4.4. Research Limitations
This study is also subject to several limitations. First, since this research focuses on the entirety of China, the extensive geographical expanse renders it challenging to distinguish regression coefficients among urban areas, suburbs, and rural areas. Consequently, the relationships among population, economic development levels, and road-network density within specific regions cannot be precisely analyzed. Second, this study excludes Hong Kong, Macao, and Taiwan, which restricts the generalizability of the findings to only mainland China. Third, the excessive dependence on administrative boundaries may not comprehensively capture the actual distribution of urban functional areas. Fourth, the research indicators were not meticulously categorized to discern which factors influence the regional level and which impact the internal dynamics of cities. Fifth, this study fails to consider the temporal sequence and cyclical characteristics of transportation’s influence on urban spatial expansion.
5. Conclusions
The coupling relationship between transportation development and urban expansion in China, both spatially and temporally, is a prevalent phenomenon. This is due to the interaction between various transportation development indicators and urban expansion indicators. This study conducted a spatiotemporal heterogeneity analysis and spatial spillover effect analysis using GWR and the SDM, respectively. The findings reveal that there exists a certain reciprocal influence between transportation development and urban expansion. Enhancing the level of transportation development can promote the expansion of urban scale, while it necessitates further long-term and in-depth efforts by the government to maximize the value of transportation infrastructure construction. The study results show:
In 2010 and 2020, the proportion of urban construction land, nighttime light data, and various transportation development indicators spatially presented a distribution pattern demarcated by the Heihe-Tengchong line, characterized by more development in the southeast and less in the northwest. The ten transportation development indicators can account for over 85% of the factors contributing to urban expansion, and their correlations display significant spatiotemporal heterogeneity. As indicators of fundamental connectivity infrastructure and built-environment quality, NRD and DSL exert strong driving forces on both local land expansion and economic agglomeration. HD and DRL effectively facilitate regional urban development and synergistic economic growth via positive spatial spillover effects. In contrast, PRD and RD display negative spatial spillovers, resulting in siphon effects.

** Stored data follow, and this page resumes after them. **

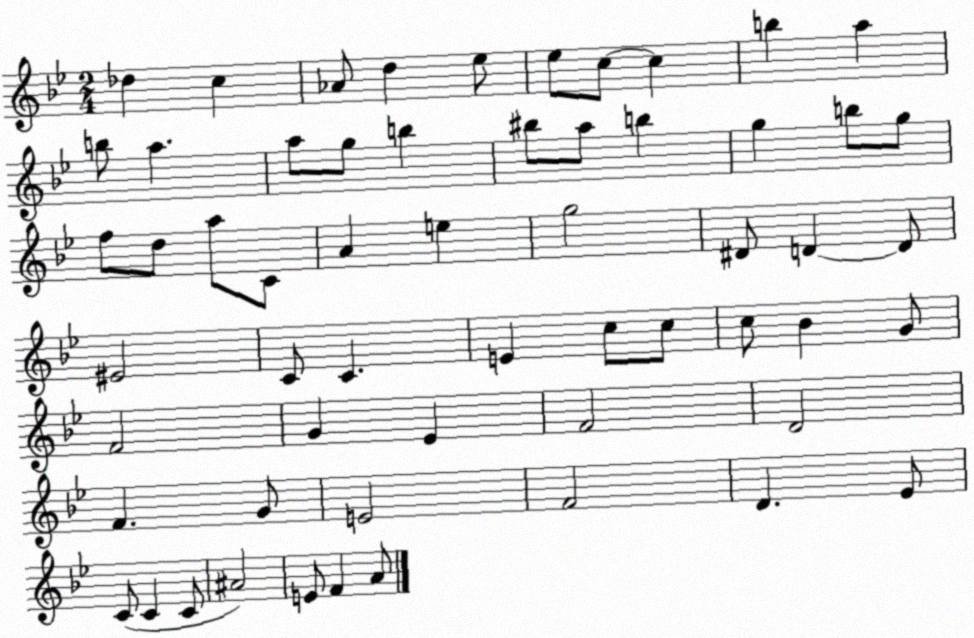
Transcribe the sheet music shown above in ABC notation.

X:1
T:Untitled
M:2/4
L:1/4
K:Bb
_d c _A/2 d _e/2 _e/2 c/2 c b a b/2 a a/2 g/2 b ^b/2 a/2 b g b/2 g/2 f/2 d/2 a/2 C/2 A e g2 ^D/2 D D/2 ^E2 C/2 C E c/2 c/2 c/2 _B G/2 F2 G _E F2 D2 F G/2 E2 F2 D _E/2 C/2 C C/2 ^A2 E/2 F A/2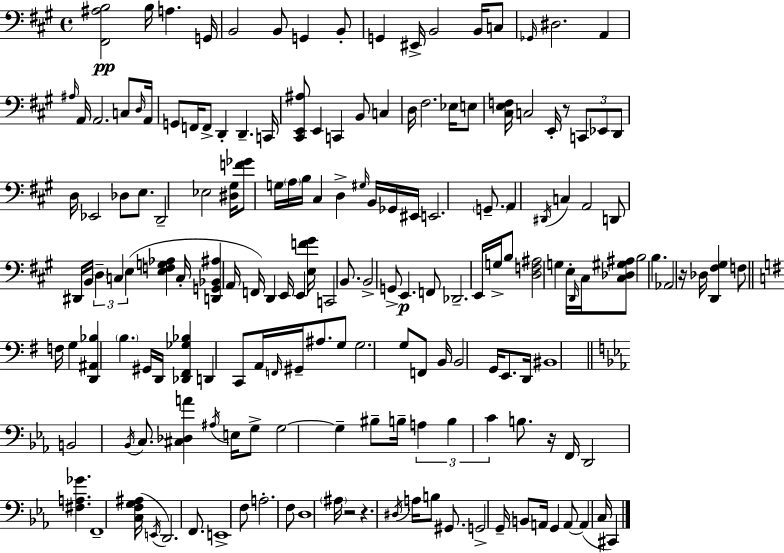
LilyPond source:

The Chinese case not only validates the universal role of transportation as a growth engine but also uncovers its unique complexities. In comparison with other developing countries like India and Brazil, China’s top-down, high-intensity investments have rapidly enhanced transportation network density and, at the same time, intensified the dynamic interaction of “polarization-trickle-down” effects among regions [
118,
119]. This finding enriches our understanding of how state power influences the interaction between transportation and urban development, providing valuable insights for countries with similar development contexts. When pursuing efficiency, it is crucial to manage the spatial externalities of growth through refined institutional design to attain a genuinely sustainable and inclusive urban future.